Task → Return the records that follow unaltered. Omit every picture.

Data to use →

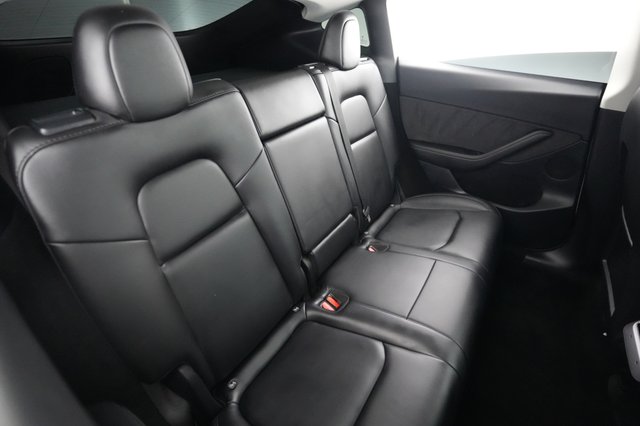 2023 Tesla Model Y — photo 4 of 21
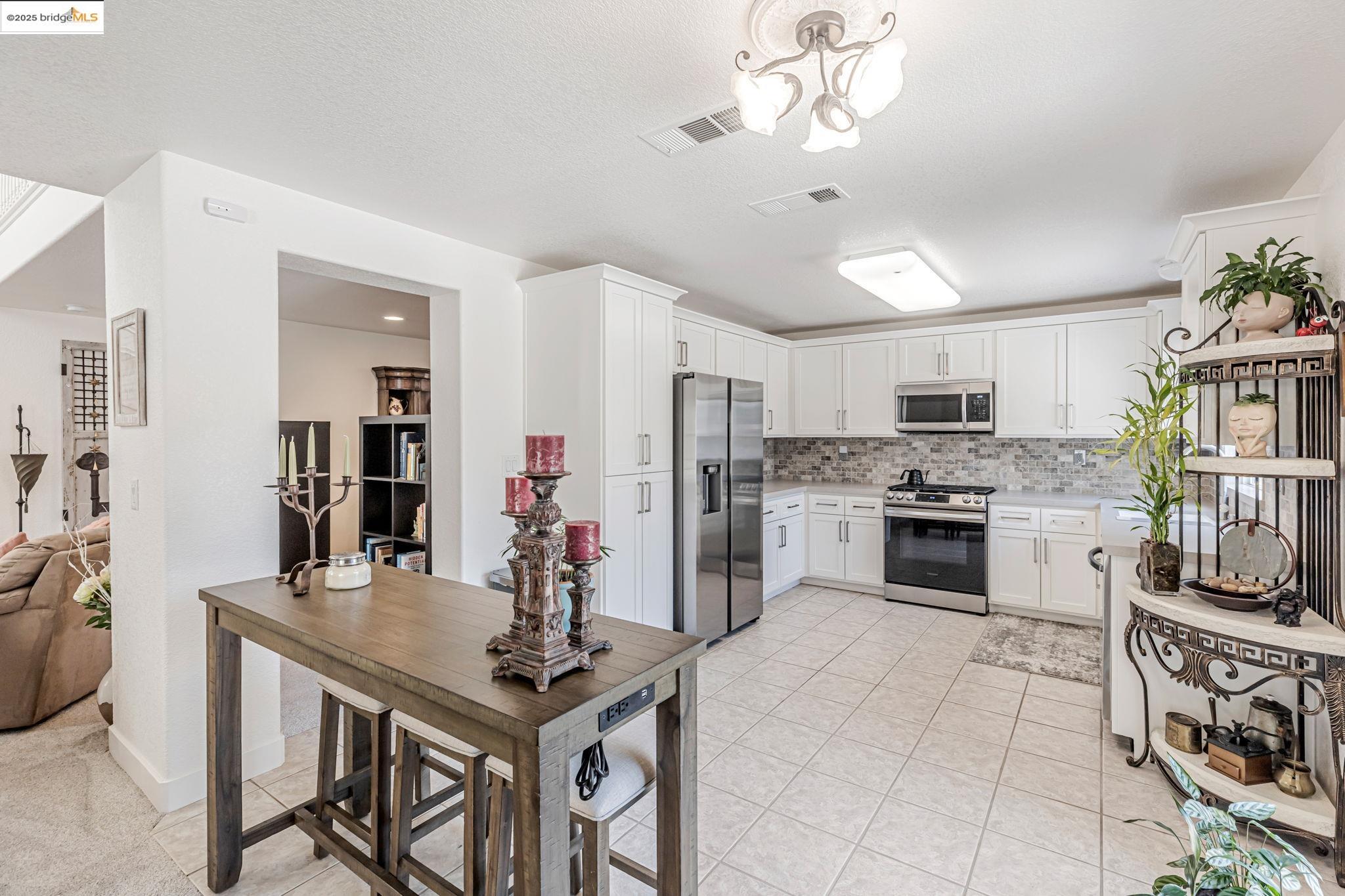 8215 Red Elk Dr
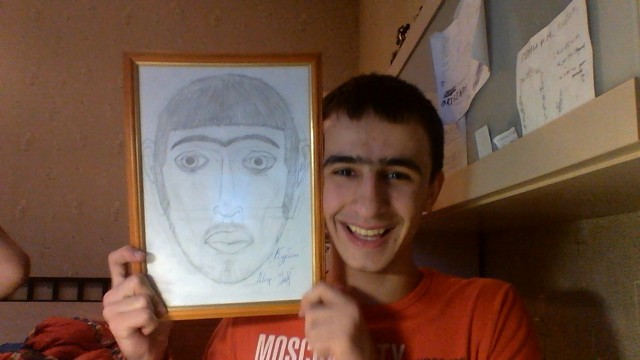 "Младший брат нарисовал мой портрет, с@ка"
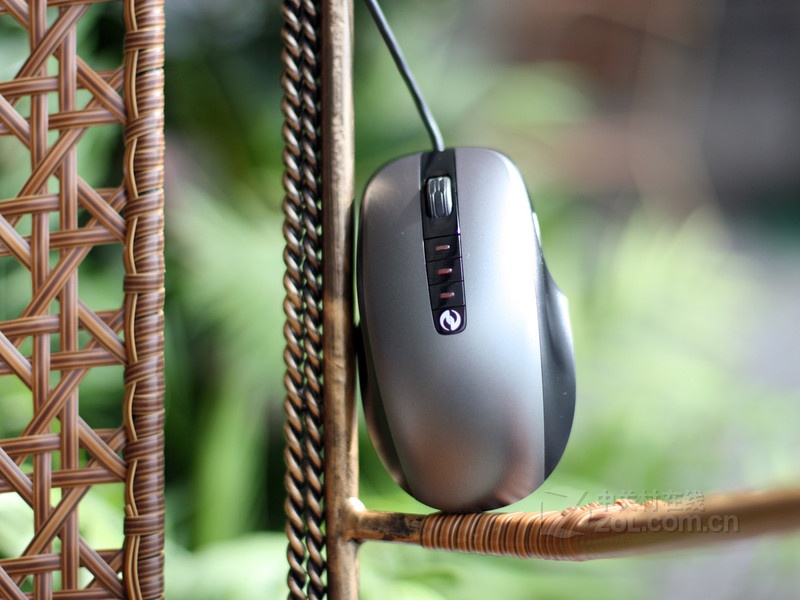 【美女图】微软战雷鲨x3银灰色外观图片 图14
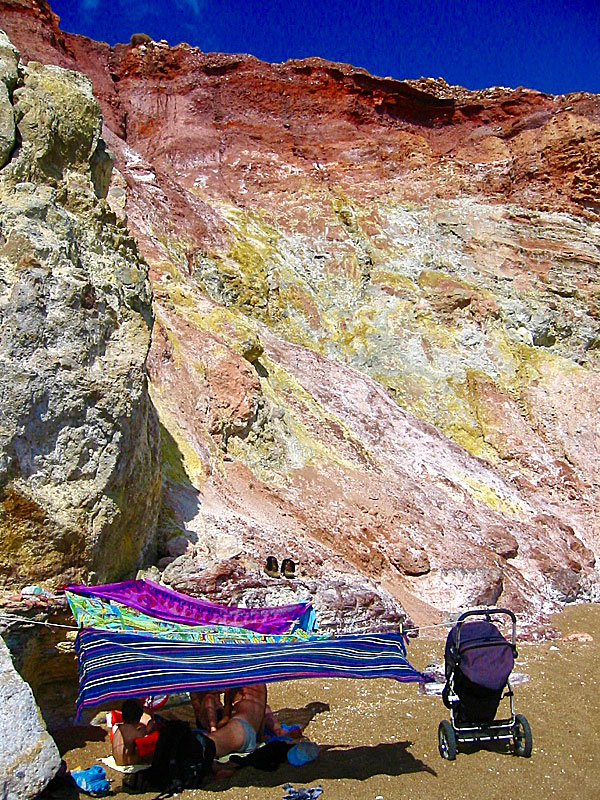 Vulkaniska färgglada berg och klippor omger Paleochori beach på Milos.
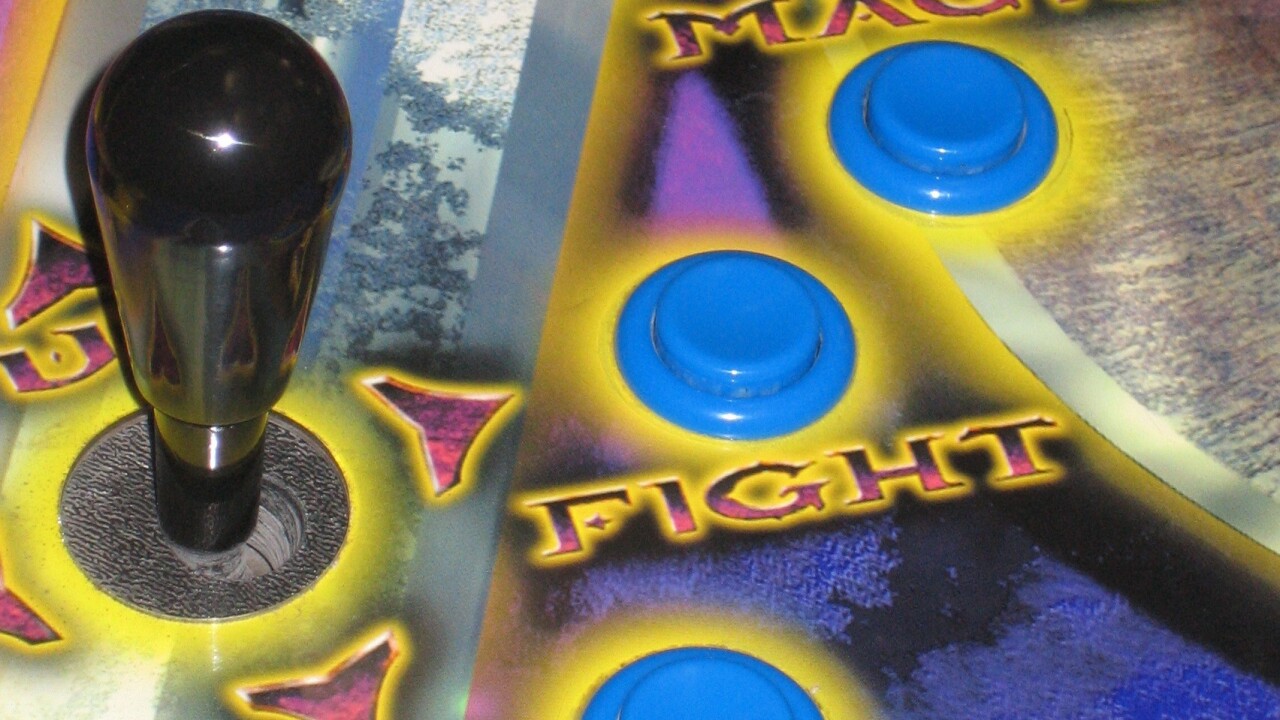 Google debuts Chrome games Roll it and Racer to show off the browser’s cross-platform syncing via WebSockets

Reply to the exercise →
 2023 Tesla Model Y — photo 4 of 21
 8215 Red Elk Dr
 "Младший брат нарисовал мой портрет, с@ка"
 【美女图】微软战雷鲨x3银灰色外观图片 图14
 Vulkaniska färgglada berg och klippor omger Paleochori beach på Milos.
 Google debuts Chrome games Roll it and Racer to show off the browser’s cross-platform syncing via WebSockets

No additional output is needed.